NYSE-listed Chinese edtech companies New Oriental and TAL Education canceled their June quarter earnings releases as Beijing continues its crackdown on the sector.
The two largest private tutoring companies in China both announced the cancellation of their quarterly results that were originally scheduled for this week, citing “recent regulatory developments” with no further elaboration.
China’s after-school tutoring industry has been in turmoil since the government said at the end of July that edtech companies must operate a not-for-profit model, and banned them from raising capital through IPOs.
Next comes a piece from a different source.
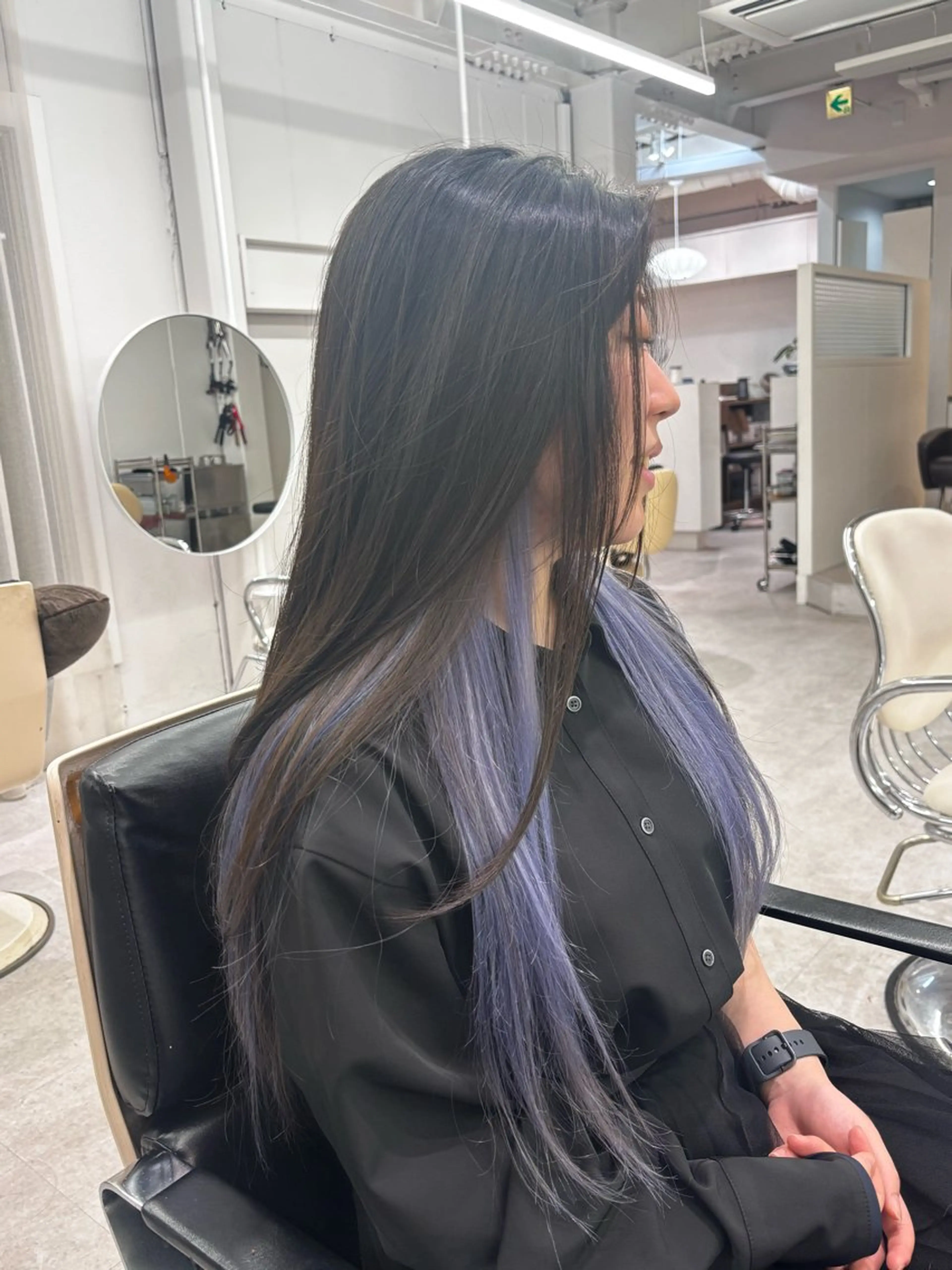 ロング パープルカラー 石崎 啓太のヘアスタイル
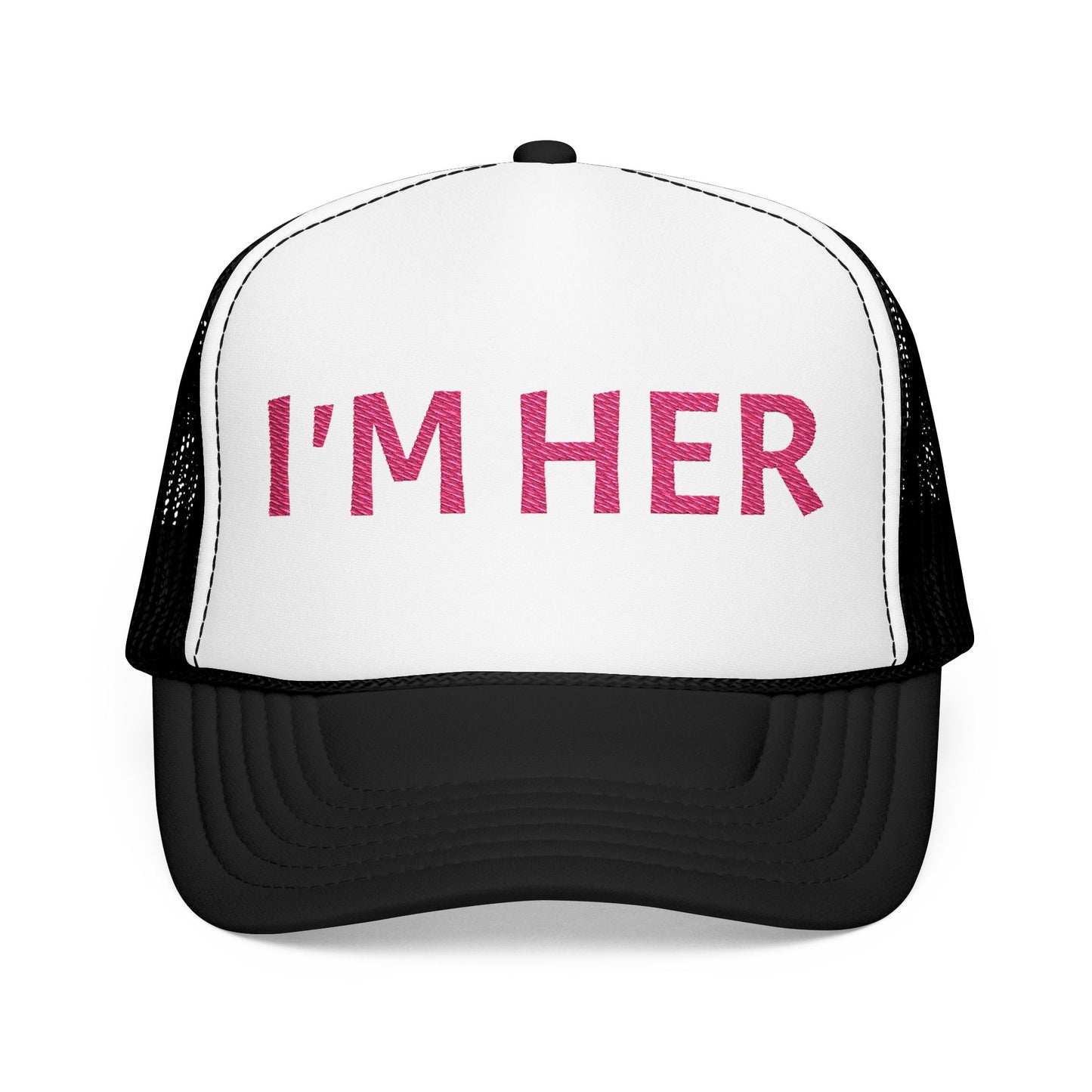 PINK I'm Her Ball and Chain Foam Trucker Hat, Funny Gift for Brides, Wedding Accessories, Bridal Party Apparel, Engagement Celebration Hat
New Oriental and TAL Education’s share prices have dropped by more than 70% in the past month.
China’s education system is still exam-oriented, and banning after-school tutoring may make parents even more anxious, leading to the misallocation of educational resources, argues Lu Yi, an associate researcher at Fudan University in Shanghai. A black market has reportedly already emerged as families’ demand for educational services remains high.
Netizens have even joked that New Oriental will hold a 45-day long training camp on a cruise ship, and the students will only receive tutoring when sailing in international waters. Michael Yu, CEO of the company, complained on his WeChat that the company’s detractors are relishing in New Oriental’s woes.
Still reeling from the government’s rebuke of Didi Chuxing after its IPO in New York, investors are increasingly concerned about China’s tough regulation, which resulted ina large selloff of US-listed Chinese stocks. Investor confidence was shaken to the point that Chinese officials met with global investors to reassure them about the market’s long-term promise. For China’s education giants, the road ahead is unclear, and their business models are in need of drastic overhauls in order to comply with the new policies.